The following data files are provided in our repository:
Data/
├── BSAmapping
│ ├── ColxNo_all_naive.tsv
│ ├── QTLseqr_input.tsv
│ └── QTLseqr_results.csv
├── ColxNo_F2germ.csv
├── ColxNo_F3germ.csv
├── cyp707a1_ga3oxMutantsGerm.csv
├── GAandABAdoseResponse.csv
├── germ_summaryForExpComparison.csv
├── germ_summaryForExpComparisonCV.csv
├── HeatShockExperimentGerm.csv
├── MAGICParents.csv
├── MAGICParentsRawData.csv
├── MAGICs.csv
├── MAGICsRawData.csv
├── QTLmapping
│ ├── germ_summaryPerLineForQTLMapping.tsv
│ ├── magic_gen_object.rds
│ ├── qtl_scan_all.csv
│ └── qtl_scan_no_outlier.csv
├── SingleSiliquesGermRawData.csv
├── Soil_vs_plates.csv
├── soil_vs_platesRawData.csv
├── SpanishAccessions.csv
├── SpanishAccessionsRawData.csv
├── statsVsSurvivalCombined234.csv
└── SummaryCVSowingTimes.csv
Data files MAGICsRawData.csv
, MAGICParentsRawDat.csv
and SpanishAccessionsRawData.csv
contain germination time data for the MAGIC lines, the MAGIC parental accessions and the Spanish accessions respectively. soil_vs_platesRawData.csv
contains germination time data for MAGIC lines and accessions used in the soil vs plate comparison in Fig.1 Figure Supplement 1G.
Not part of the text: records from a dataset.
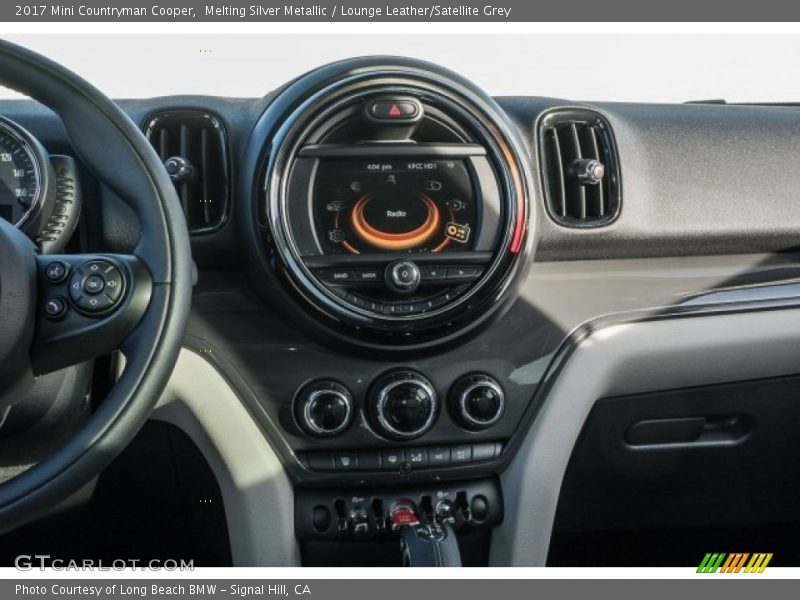 Melting Silver Metallic / Lounge Leather/Satellite Grey 2017 Mini Countryman Cooper
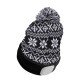 Gorro con linterna frontal 180 lm, recargable, USB, talla única, algodón/PE, negro de invierno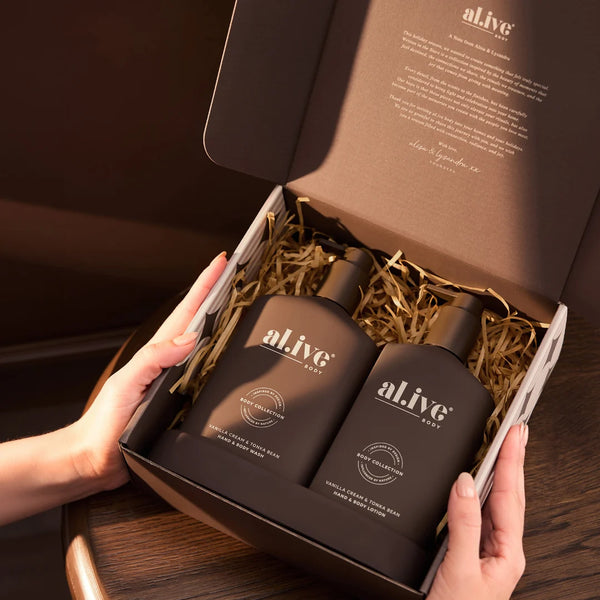 transformative wash & lotion duo - vanilla cream & tonka bean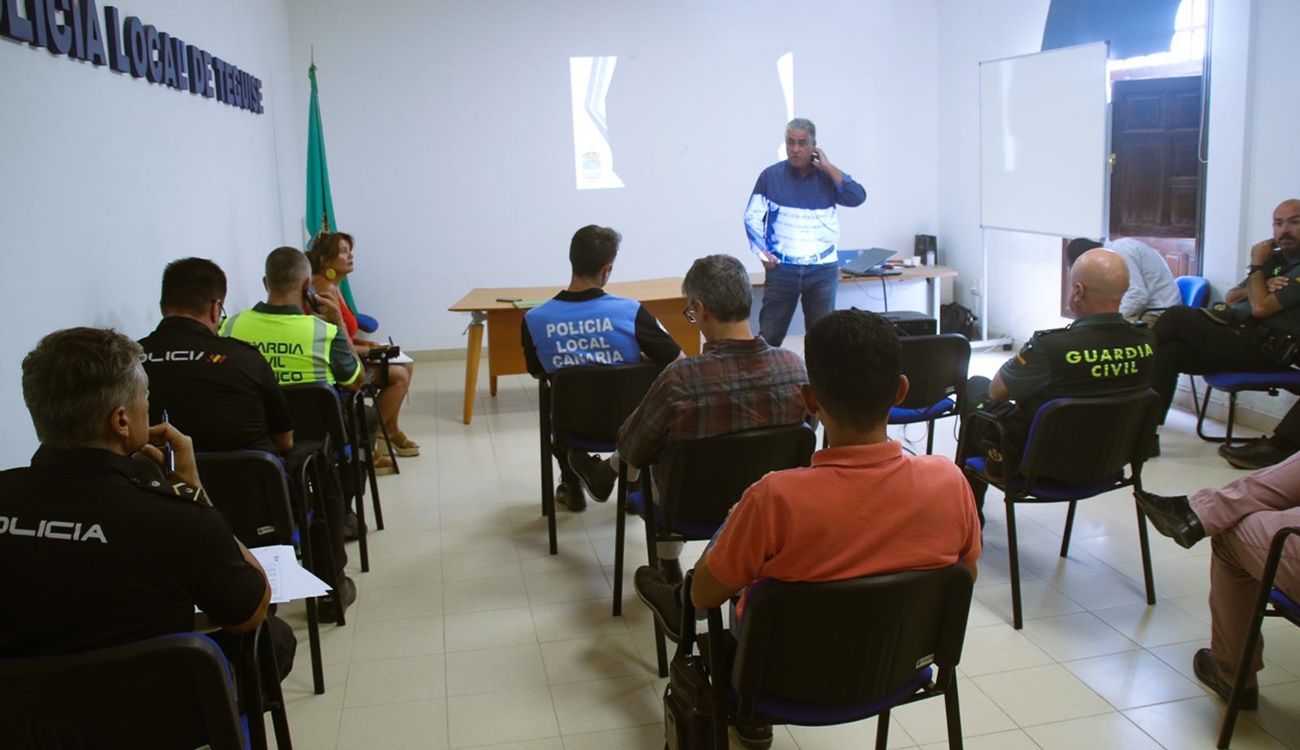 Junta de seguridad de Famara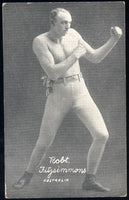 FITZSIMMONS, ROBERT EXHIBIT CARD (1921)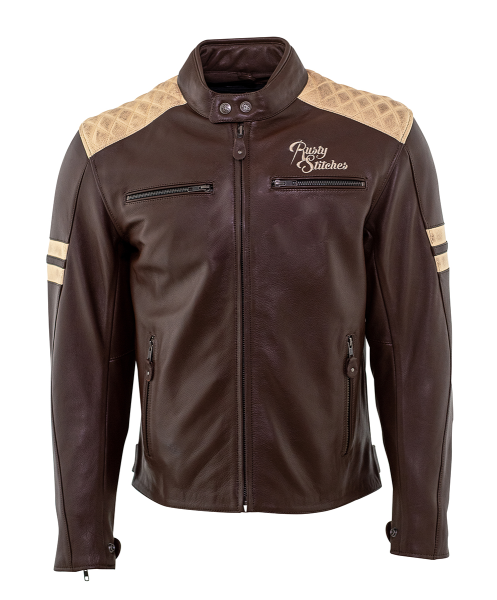 Geaca Piele Rusty Stitches JARI Brown/Beige-3ec1aa19cebd6f566c676d7f4b379680.webp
These files were read into the GerminationData_MakingLongTables.R
script, which converts the daily germination counts into a long format for further analysis. This script outputs the following files: MAGICs.csv
, MAGICParents.csv
, SpanishAccessions.csv
, Soil_vs_plates.csv
.
These files were read into Fig01_03_MAGICdataAnalysis.R
which was used to summarise the data and perform the analyses used to generate Fig. 1 and its supplements and Fig. 3 and its supplements. The Fig01_03_MAGICdataAnalysis.R
script outputs the file germ_summaryPerLineForQTLMapping.tsv
(file found in data/QTLmapping
) which contains summary statistics for each MAGIC line used for QTL mapping. This script also uses the files germ_summaryForExpComparison.csv
, germ_summaryForExpComparisonCV.csv
and SummaryCVSowingTimes.csv
for intermediate steps in the analysis used to generate Fig. 1C (see comments in script Fig01_03_MAGICdataAnalysis.R
for full details).
SingleSiliquesGermRawData.csv
contains germination time data for single and half siliques and was analysed with the script Fig02_SingleandHalfSiliques.R
to generate the plots for Fig.2 and Fig.2, Figure Supplement 1.
Figure 4 was generated using files QTLmapping/qtl_scan_no_outlier.csv
, QTLmapping/qtl_scan_all.csv
and BSAmapping/QTLseqr_results.csv
using Fig04-qtl_bsa_mapping.R
.
Figure 4, Figure Supplement 3 was generated by using data file ColxNo_F2germ.csv
with R script Fig04_Sup3_Col x No F2germ.R
.
Figure 4, Figure Supplement 4 was generated by using data file ColxNo_F3germ.csv
with R script Fig04_Sup4_ColxNoF3_germination.R
See the accompanying simulations repository
Figure 7 and its supplement were generated by using data file GAandABAdoseResponse.csv
with script Fig07_ABAandGA_doseResponse.R
Figure 8 was generated by using data file cyp707a1_ga3oxMutantsGerm.csv
with the script Fig08_GA_ABAmutants_germ.R
Figure 9 and its supplement was generated by using data file HeatShockExperimentGerm.csv
with script Fig09_HSexperimentSurvival.R
. The file statsVsSurvivalCombined234.csv
is used as an intermediate step in this analysis (see R script for details).